When it comes to networking specifically, software-defined networking is a model in which the use of programmability allows IT professionals to increase the performance and their ability to accurately monitor the network. This can be also seen in server environments as well. By harnessing the ability to program specific custom modules and applications, users are able to take the standard functions of their systems and drastically increase the range of what they are able to do. These abilities can generally be summarized into three major areas: monitoring, management, and configuration.




Monitoring networking and other systems performance and uptime is something that admins and engineers alike are no stranger to. In the past, monitoring tools were limited to using ICMP to detect if a system or device was still on the network and accessible. Software-defined IT expands the possibilities of your monitoring. This can be done with a standard, modern monitoring toolset or something that you custom code yourself. Here’s an example. Say you have a web application. It remains accessible via the network with no interruption. A database error pops up, causing the application to crash. But the device itself is still online and responding to ICMP traffic. By using a software-defined mentality, you can program tools to check for an HTTP response code or if a certain block of code loaded on a web application. This information would be far more valuable than simply if a device responded to ICMP traffic. Admins could even program their scripts to restart an application service if the application failed, potentially taking the need for human intervention out of the loop.




This is an example that I think is already here in a lot of networks today. Take the virtual machine environments that a lot of enterprises utilize. The software systems themselves can manage virtual servers without the need for human intervention. If a physical server becomes overloaded, virtual servers can be moved to another physical host seamlessly based on preset variables such as CPU and memory usage. Using software-defined techniques allows for the management of systems and devices to take place without the need for an admin to A., recognize the issue, and B., respond accordingly. Now, in the time that it would take for an admin to recognize an issue, the system can respond to an issue automatically with preconfigured response actions.
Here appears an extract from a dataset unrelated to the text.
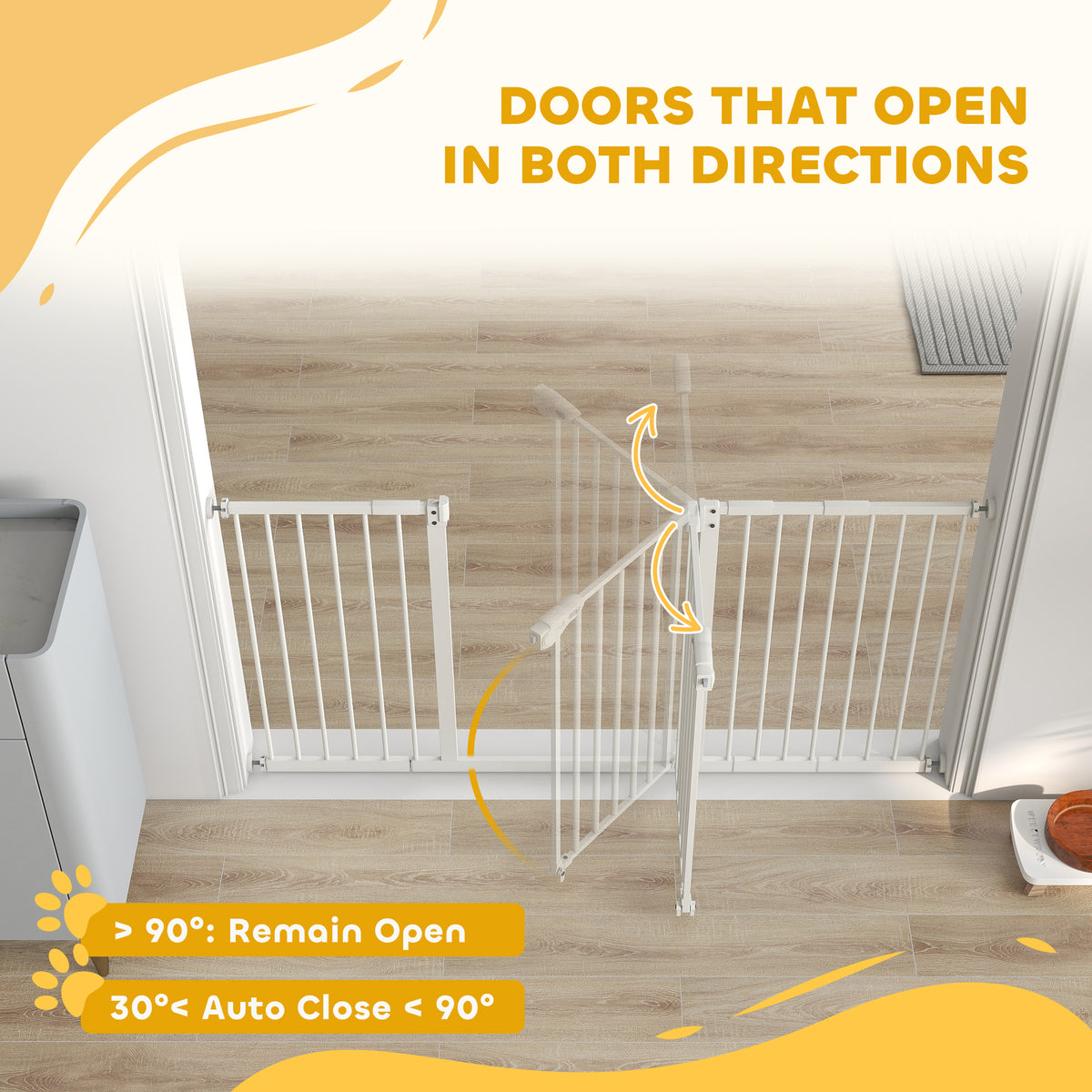 PawHut Adjustable Safety Gate w/ Three Extensions, Four Adjustable Screws, White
The last category that software-defined techniques can help admins and engineers with is configuration. Here’s another example. Your company is now using a new NTP server for all of your network devices. Normally you would be responsible for logging in to every device and pointing them to the new server. With the modern software-defined networking tools that are available, admins can send the needed commands to each network device with very little interaction needed. Tasks like this that would potentially take hours, depending on the number of devices, can now be done in minutes.


The fact is, admins and engineers are still responsible for the ultimate control of everything. The tools that are available cannot run on their own, without some help. During initial configuration and programming of any scripts that are needed, the admins and engineers are responsible for knowing the ins and outs of their systems. Because of this, the common argument that software-defined IT will cut the need for jobs can be easily negated by this fact. Anybody that has configured a software-defined toolset can attest to this. These tools are simply there to streamline and assist with everyday operations.